Les places de marché devront donc assurer le paiement d’une contribution financière et la reprise des produits concernés par la responsabilité élargie du producteur. Ces nouvelles obligations pouvant révolutionner les flux financiers et logistiques des plateformes ne doivent donc pas être prises à la légère.
Précisons simplement que les opérateurs de plateformes pourront être exonérés de ces obligations en justifiant que ces obligations ont déjà été remplies par les vendeurs pour lesquels elles facilitent les ventes ou les livraisons.
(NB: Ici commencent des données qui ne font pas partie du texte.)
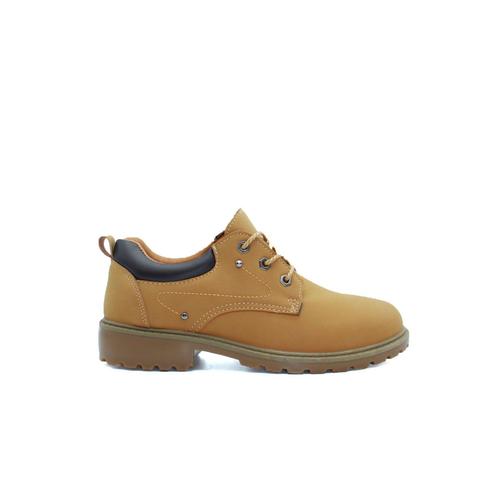 Chaussures Robustes Beige Homme - 39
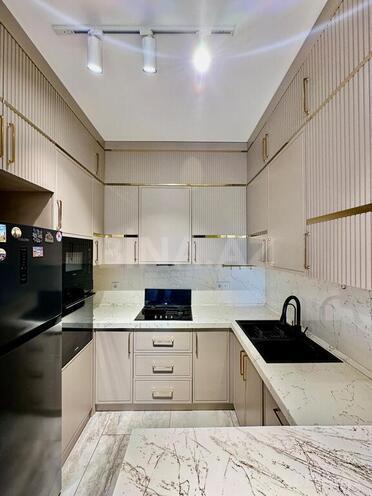 3-комн. новостройка - м. 8 ноября - 160 м² (6)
Pour cela, elles devront consigner les justificatifs correspondants dans un registre à disposition de l’autorité administrative.
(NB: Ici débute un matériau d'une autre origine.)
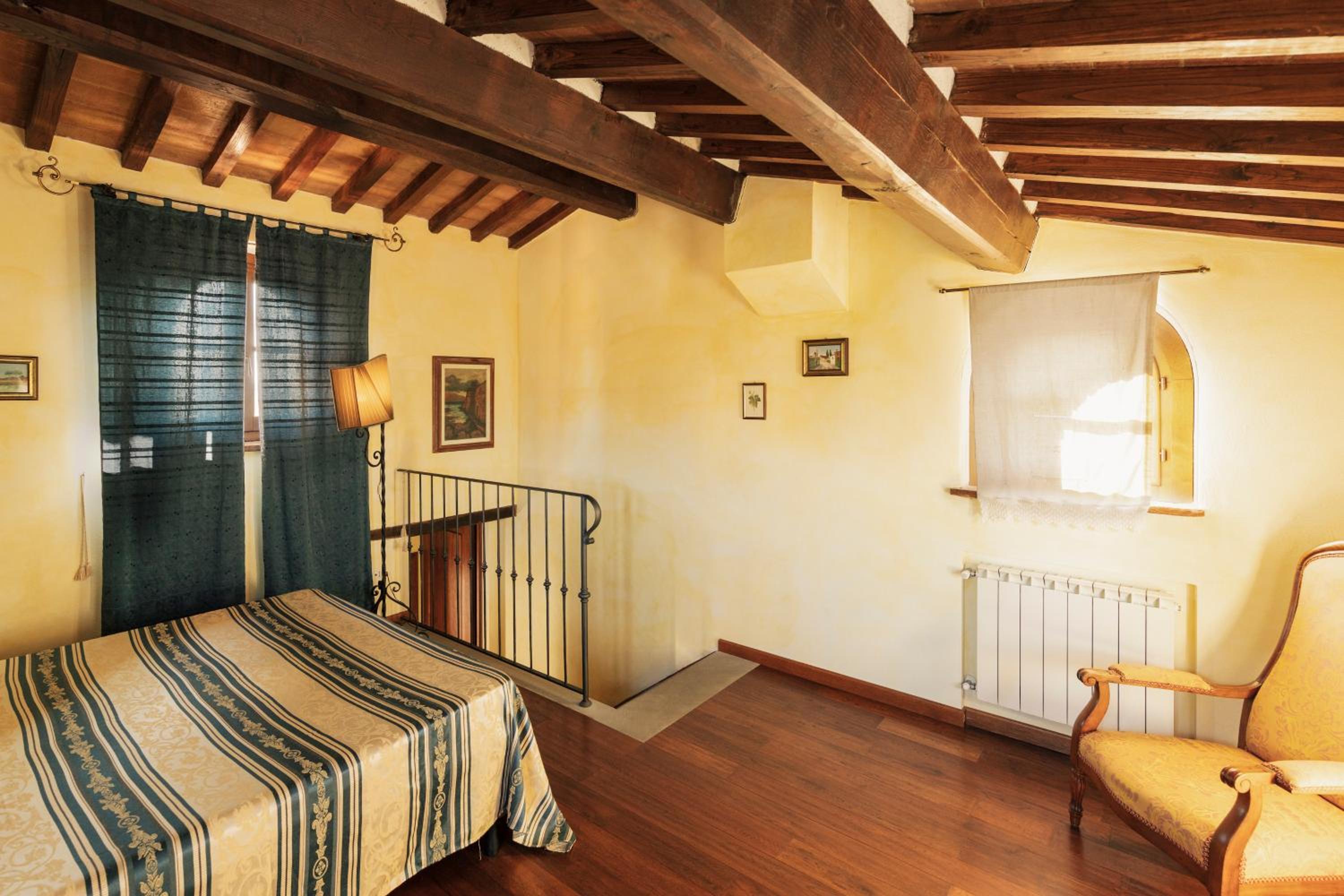 Agriturismo Il Borgo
Il est à ce titre essentiel pour les plateformes de rappeler aux vendeurs leurs obligations environnementales pour limiter le risque qu’elles doivent elles-mêmes assurer ces obligations.
De manière générale, les acteurs du e-commerce sont soumis à un cadre légal de plus en plus complexe en matière de respect et de protection de l’environnement : outre les nombreuses obligations qui leur incombent au titre de la Loi AGEC, le 15 novembre 2021, une nouvelle loi visant à réduire l’empreinte environnementale du numérique a été également promulguée.
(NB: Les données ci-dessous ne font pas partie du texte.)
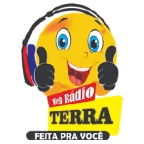 logo Web Rádio Terra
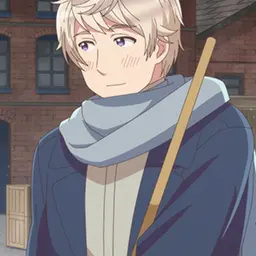 Profile image of イヴァン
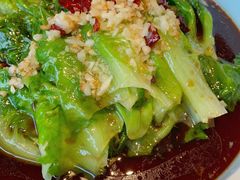 -曹家小菜(胜太路店)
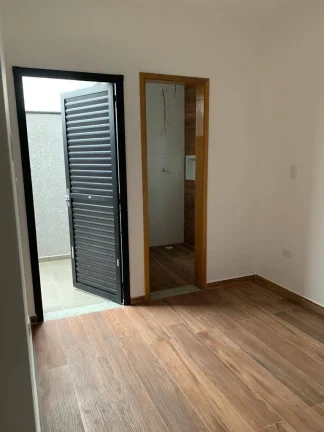 Imagem Apartamento Sem Condominio 55 m² 2 Dormitorios sendo 1 Suite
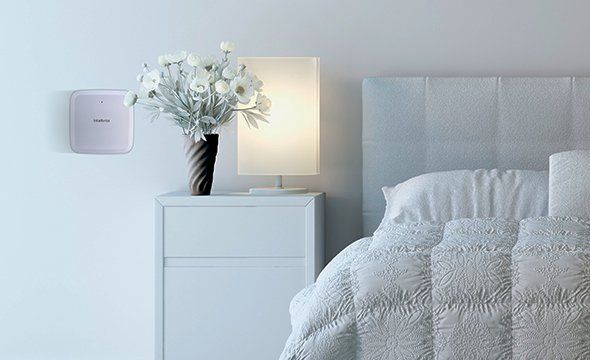 Atuador PGM 8000 - Flexibilidade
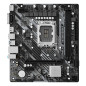 Asrock H610M-HDV/M.2 R2.0 Intel H610 LGA 1700 micro ATX Asrock H610M-HDV/M.2 R2.0 Intel H610 LGA 1700 micro ATX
En vue de réduire l’impact environnemental des équipements numériques (smartphones, tablettes, ordinateurs…), de nouvelles obligations seront mises à la charge des acteurs de la vente en ligne :
Ces dispositions étant rentrées immédiatement en vigueur, il appartient aux professionnels du e-commerce et de la vente en ligne de se mettre en conformité sous peine de sanctions administratives.
Il est en outre essentiel de rappeler que lorsqu’une plateforme intervient également comme vendeur sur sa propre place de marché, il lui appartient de respecter les règles qui lui sont applicables 1) en tant qu’intermédiaire mais 2) aussi en tant que marchand.
Pour plus d’informations sur les obligations environnementales dans le secteur du numérique, nous vous invitons à consulter notre article consacré à la Loi AGEC ainsi que celui relatif à la nouvelle loi du 15 novembre 2021. |
La réglementation applicable aux plateformes s’inscrit dans une dynamique de responsabilisation des plateformes, dans des domaines très variés, allant de l’environnement à la conformité des produits, en passant par la propriété intellectuelle ou l’encadrement des activités de financement.
En 2021, nous vous parlions de l’impact probable de l’article 17 de la directive sur le droit d’auteur sur la distinction éditeur/hébergeur. Les Etats-membres avaient jusqu’à juin 2021 pour transposer la directive en droit interne.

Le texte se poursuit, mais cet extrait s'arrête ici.